▶ **MATERIAL PROVIDED**
• • • •
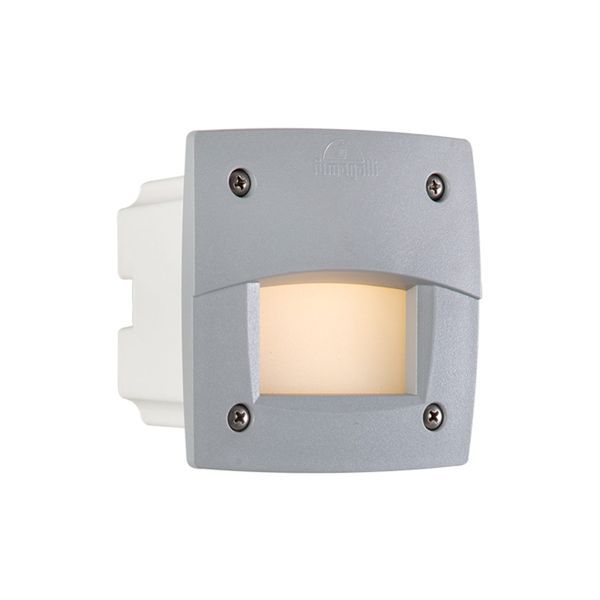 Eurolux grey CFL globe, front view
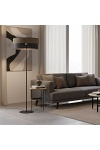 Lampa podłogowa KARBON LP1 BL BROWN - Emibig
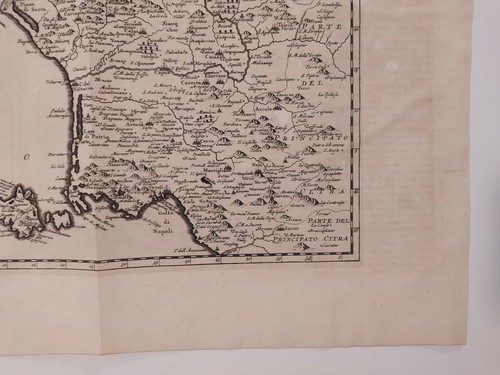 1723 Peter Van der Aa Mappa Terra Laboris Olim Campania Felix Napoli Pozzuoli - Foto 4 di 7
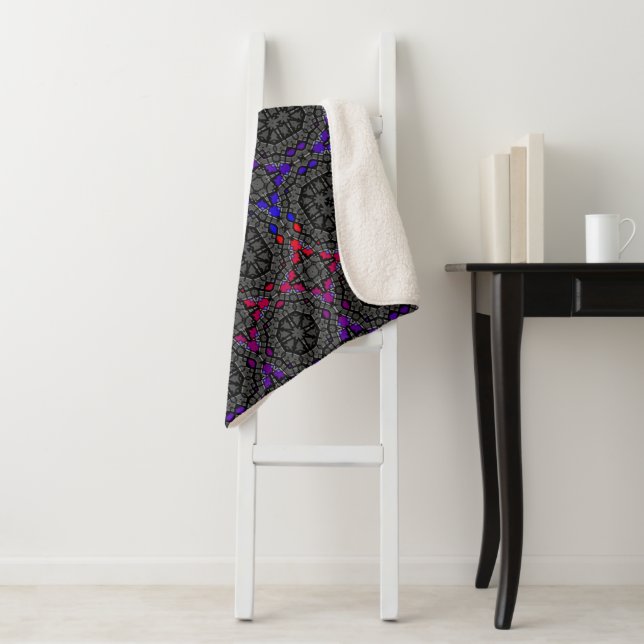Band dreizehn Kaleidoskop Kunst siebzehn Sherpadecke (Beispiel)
• • • •
▶ **WHAT THE TASK REQUIRES**
Return the material word for word. Pictures are not part of the copy.

▶ **ANSWER SPACE**
 Eurolux grey CFL globe, front view
 Lampa podłogowa KARBON LP1 BL BROWN - Emibig
 1723 Peter Van der Aa Mappa Terra Laboris Olim Campania Felix Napoli Pozzuoli - Foto 4 di 7
Band dreizehn Kaleidoskop Kunst siebzehn Sherpadecke (Beispiel)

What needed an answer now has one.